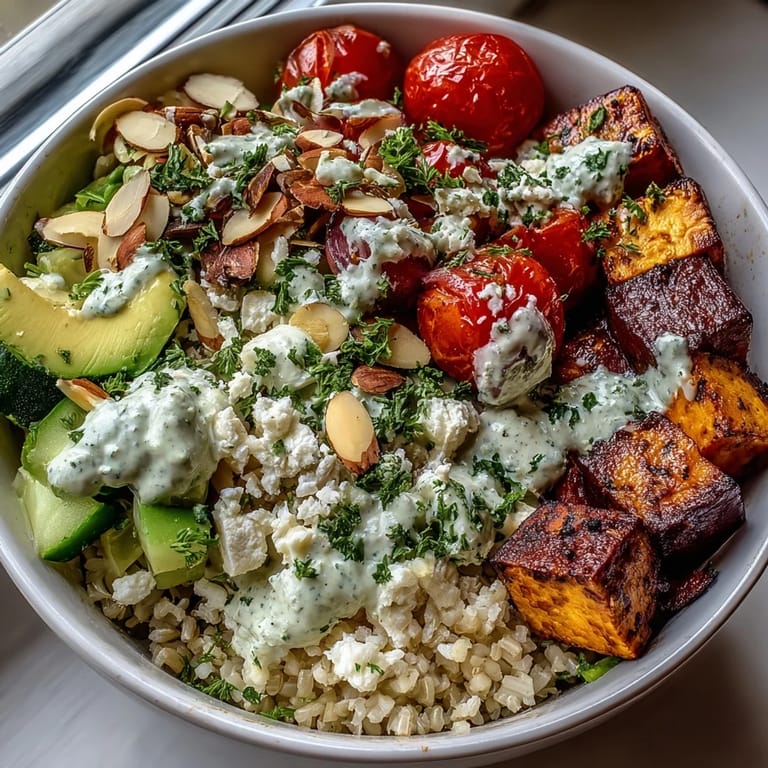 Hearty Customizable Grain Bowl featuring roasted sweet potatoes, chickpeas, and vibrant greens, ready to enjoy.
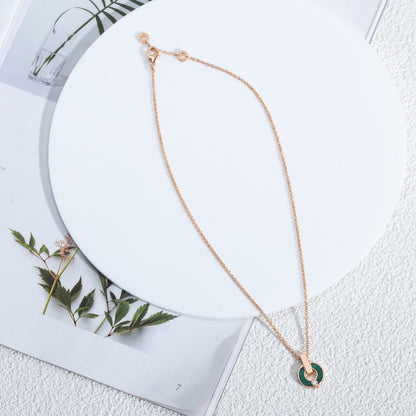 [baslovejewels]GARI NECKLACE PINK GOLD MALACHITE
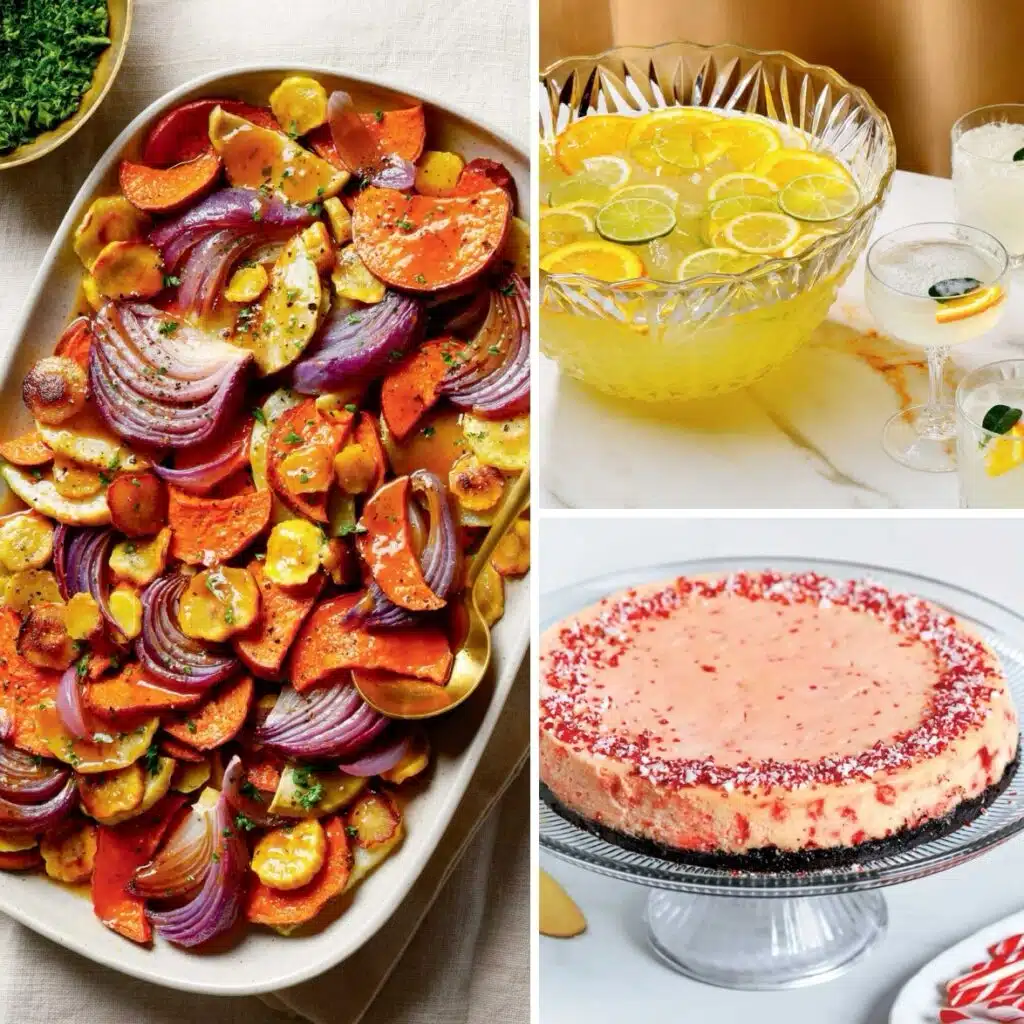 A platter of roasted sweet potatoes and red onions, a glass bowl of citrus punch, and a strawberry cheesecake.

★ ★ ★

(WHAT IS REQUIRED) Restate only the lines running from the start of the material above through the line containing "[baslovejewels]GARI NECKLACE PINK", ends included. No pictures.

(EXERCISE RESPONSE)
 Hearty Customizable Grain Bowl featuring roasted sweet potatoes, chickpeas, and vibrant greens, ready to enjoy.
 [baslovejewels]GARI NECKLACE PINK GOLD MALACHITE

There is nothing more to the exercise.